Microscopic model for the ferroelectric field effect in oxide heterostructures

TL;DR

This paper introduces a microscopic Hamiltonian model to study the ferroelectric field effect in oxide heterostructures, capturing charge redistribution and phase transitions at interfaces, relevant for designing ferroelectric field effect devices.

Contribution

The paper presents a versatile microscopic model incorporating Coulomb interactions and charge dynamics, enabling simulation of ferroelectric effects in strongly correlated oxide heterostructures.

Findings

Charge accumulation/depletion drives interfacial phase transitions.

The model reproduces magnetoelectric responses and resistive switching.

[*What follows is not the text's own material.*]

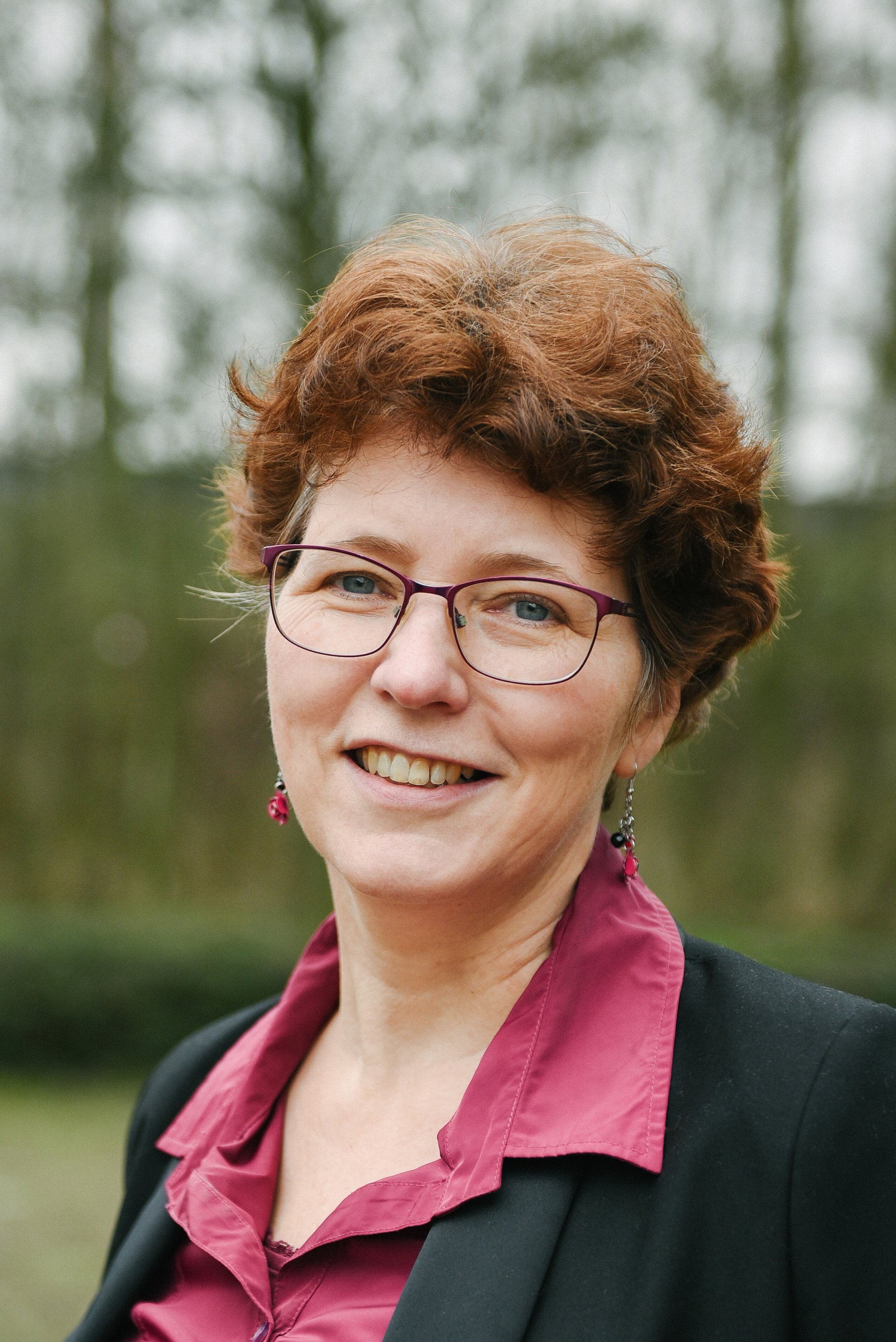 Agnes van den Broek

Qualitative agreement with density functional theory results.

Abstract

A microscopic model Hamiltonian for the ferroelectric field effect is introduced for the study of oxide heterostructures with ferroelectric components. The long-range Coulomb interaction is incorporated as an electrostatic potential, solved self-consistently together with the charge distribution. A generic double-exchange system is used as the conducting channel, epitaxially attached to the ferroelectric gate. The observed ferroelectric screening effect, namely the charge accumulation/depletion near the interface, is shown to drive interfacial phase transitions that give rise to robust magnetoelectric responses and bipolar resistive switching, in qualitative agreement with previous density functional theory calculations. The model can be easily adapted to other materials by modifying the Hamiltonian of the conducting channel, and it is useful in simulating ferroelectric field effect devices particularly those involving strongly correlated electronic components where ab-initio techniques are difficult to apply.